→ Information provided:
____________

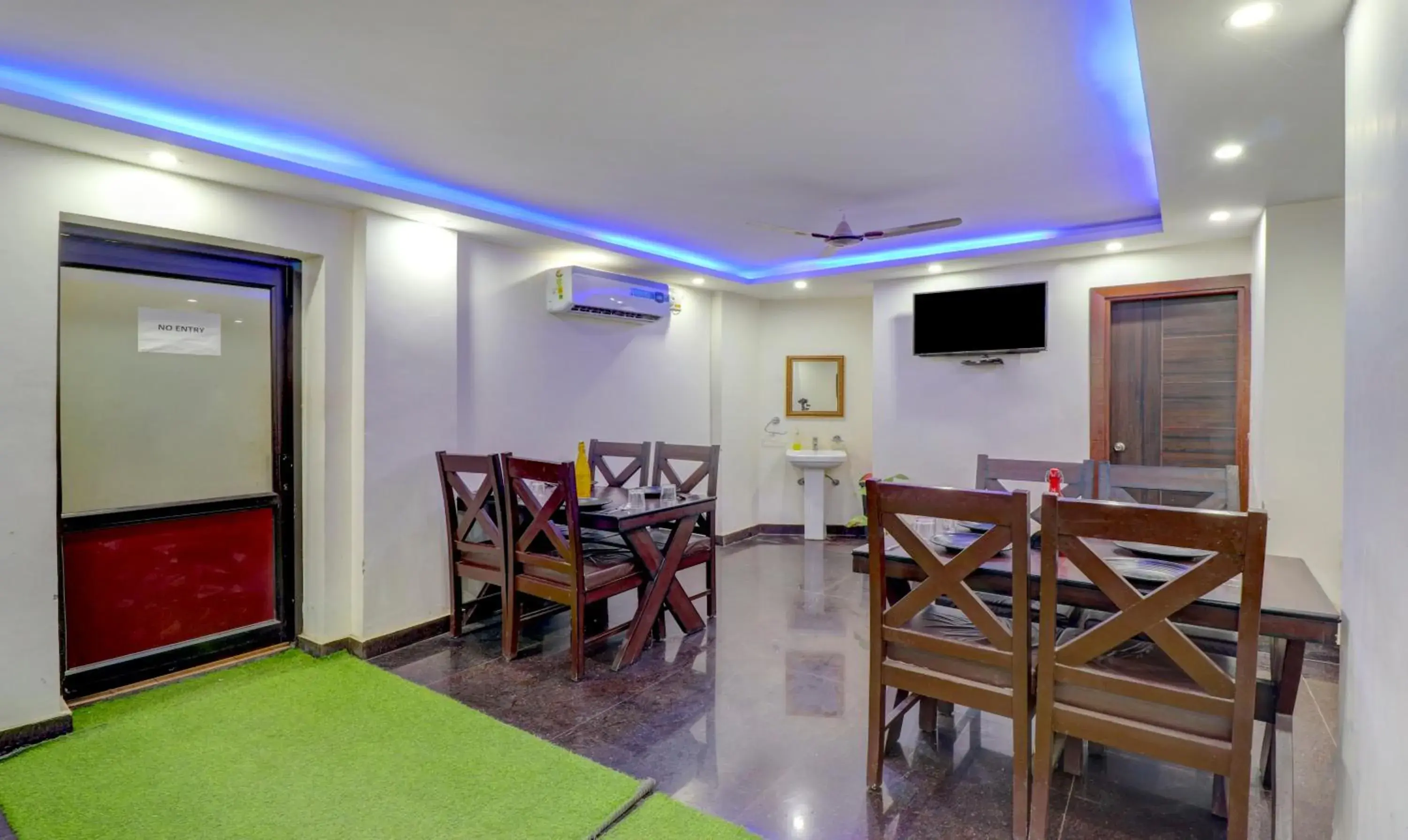 Restaurant/places to eat in Itsy Hotels NV, Tapovan Restaurant/places to eat in Itsy Hotels NV, Tapovan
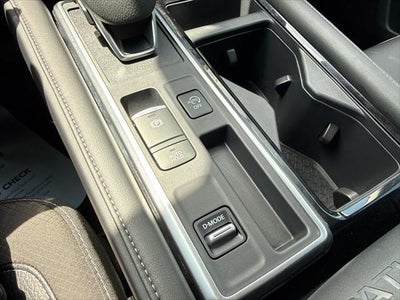 2025 Nissan Pathfinder SL FWD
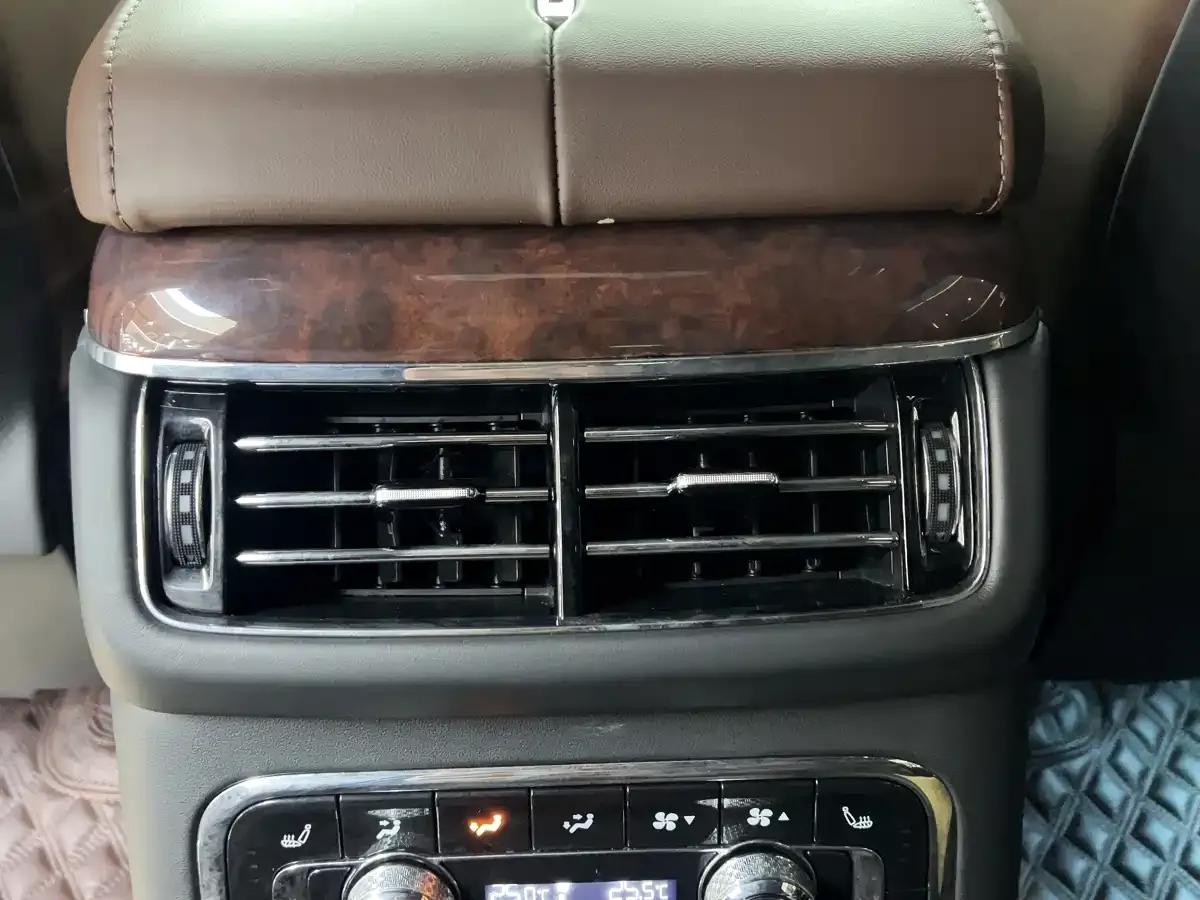 Hongqi Golden Sunflower National Glory 2022 4.0T Elegant Flagship Edition 6-seater — миниатюра 13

____________

→ What to do:
Print the listing again exactly, please. Keep the pictures out of it.

→ Solution for this problem:
 Restaurant/places to eat in Itsy Hotels NV, Tapovan Restaurant/places to eat in Itsy Hotels NV, Tapovan
 2025 Nissan Pathfinder SL FWD
 Hongqi Golden Sunflower National Glory 2022 4.0T Elegant Flagship Edition 6-seater — миниатюра 13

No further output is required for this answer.